La paradoja de América Latina era cada vez más evidente. El continente, ese vasto terreno de promesas incumplidas y luchas perpetuas, se encontraba ante un dilema existencial: ¿Acaso el autoritarismo no era la solución? Los ciudadanos, hartos de la ineficiencia de los gobiernos democráticos, comenzaban a ceder. La democracia, esa bella utopía que exigía racionalidad, reflexión y paciencia, parecía haber sido desplazada por la promesa de un orden rígido, por un líder fuerte que, al fin, pondría fin al caos. La democracia, por supuesto, no resultaba atractiva. Requería tiempo, esfuerzo, consenso. Mientras tanto, las autocracias, como un tren rápido, llegaban con la promesa de “arreglar” las cosas de inmediato.

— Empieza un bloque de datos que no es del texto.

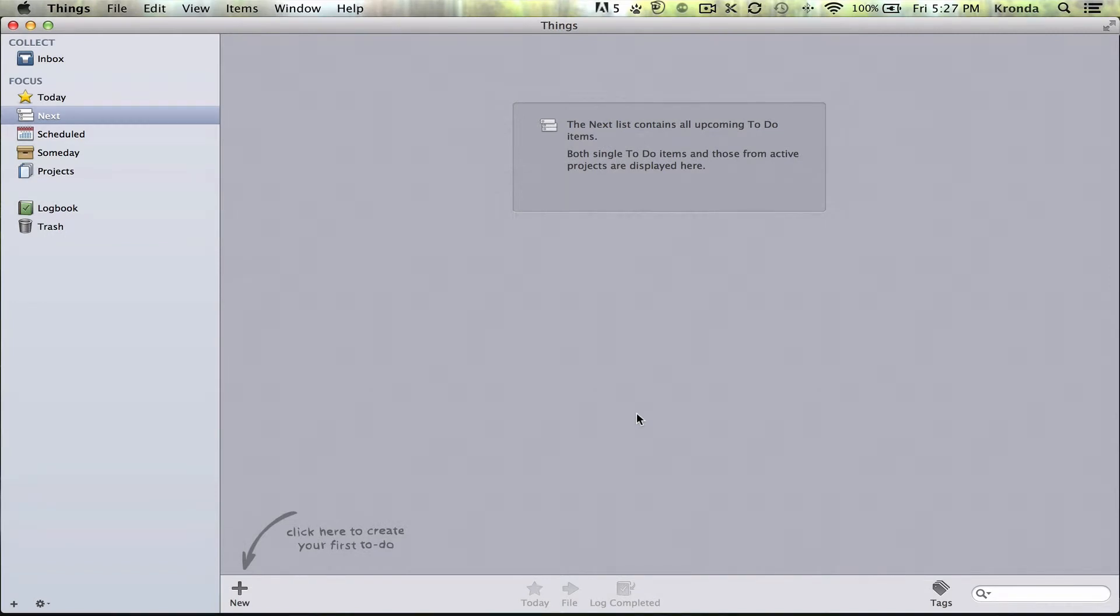Hi, this is Karanda, and I'm coming at you with a quick tip for Things Task Manager.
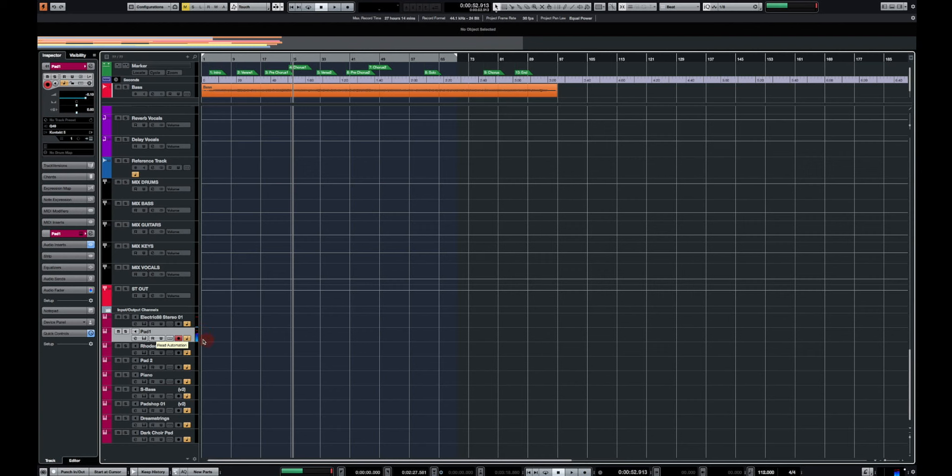So pretty cool. So this is a very fast and efficient way to export your virtual instruments. All the instruments you're used to working with into a track archive and import them back into any session.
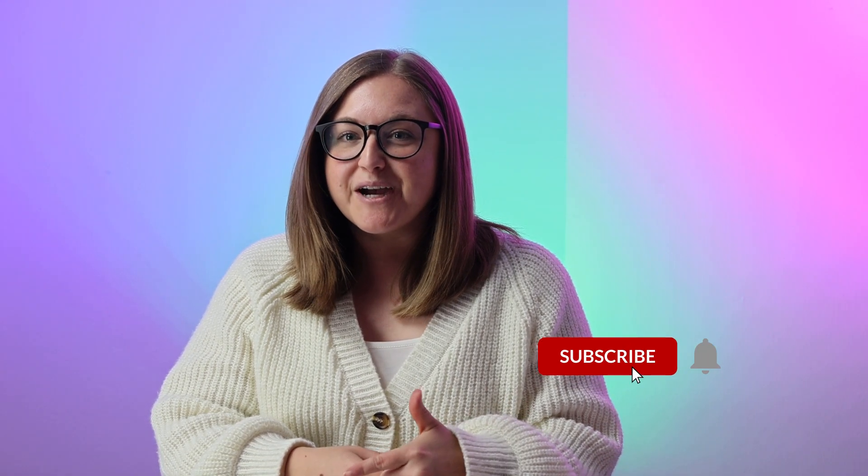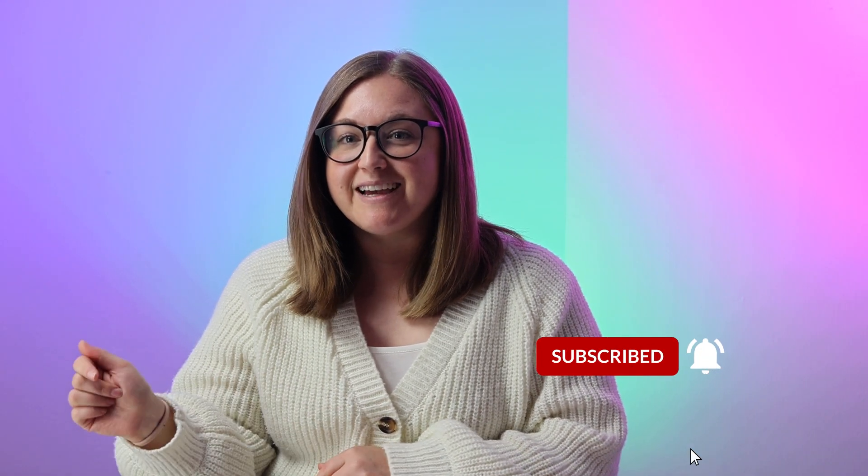Thanks for watching. I hope this new feature is going to be useful to you. Don't forget to like, subscribe, and hit that bell icon to get notified anytime you want to see new content from us.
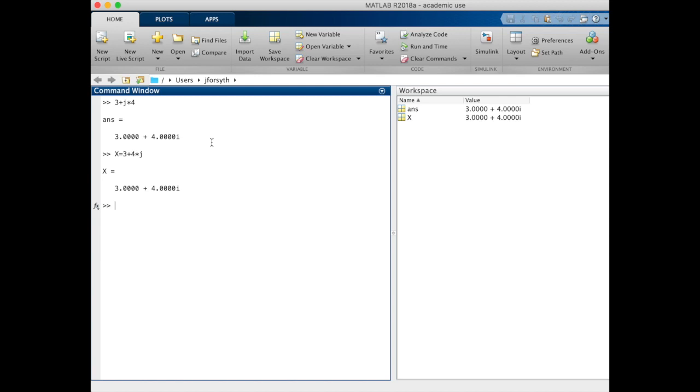The first thing that we want to know in our conversion is the length of this vector. We can ask MATLAB to give us the absolute value which gives us the magnitude of this vector, and the value is 5. This should make sense as this would be a 3, 4, 5 triangle.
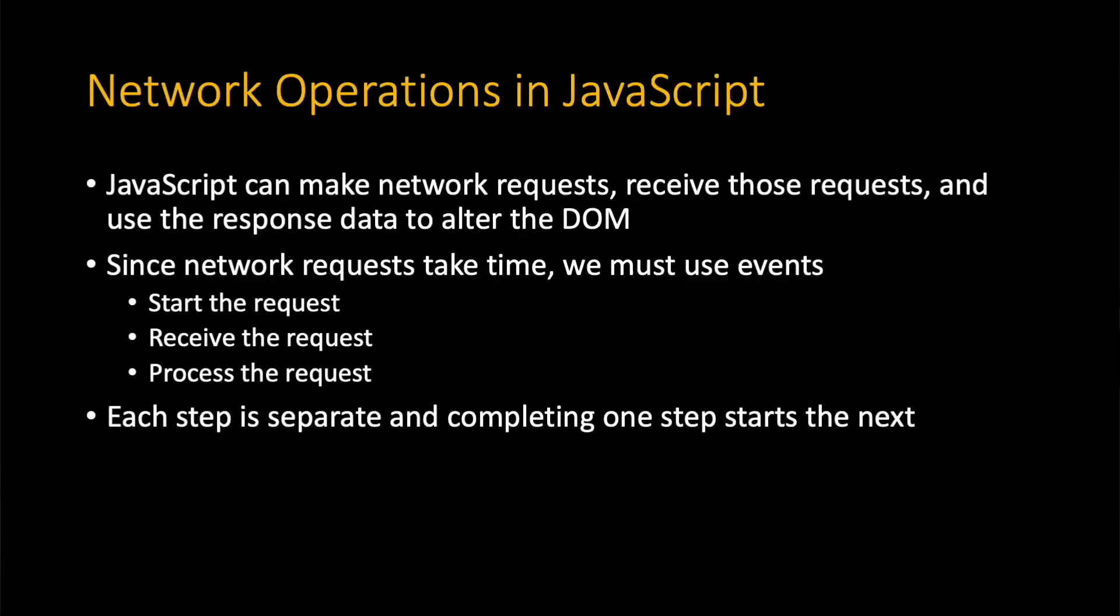So we can do network operations in JavaScript. We can do the entire request-response cycle in JavaScript. The problem is that this has to be an asynchronous process because we can't pause our code. We can't say stop and read from the server because otherwise the browser would lock up. So we have to use events and we chain these events together.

Así, mientras la gente en las calles de América Latina camina sin rumbo, con la esperanza de un futuro mejor, el laberinto de la historia continúa. Quizás algún día la democracia regrese a ocupar los pensamientos de la mayoría de la gente en este continente. Por ahora, parece permanecer como una vieja amiga olvidada, y mientras tanto, el espectro del autoritarismo sigue acechando, listo para envolver a quienes se han cansado de esperar la paz en el intrincado sendero de la libertad.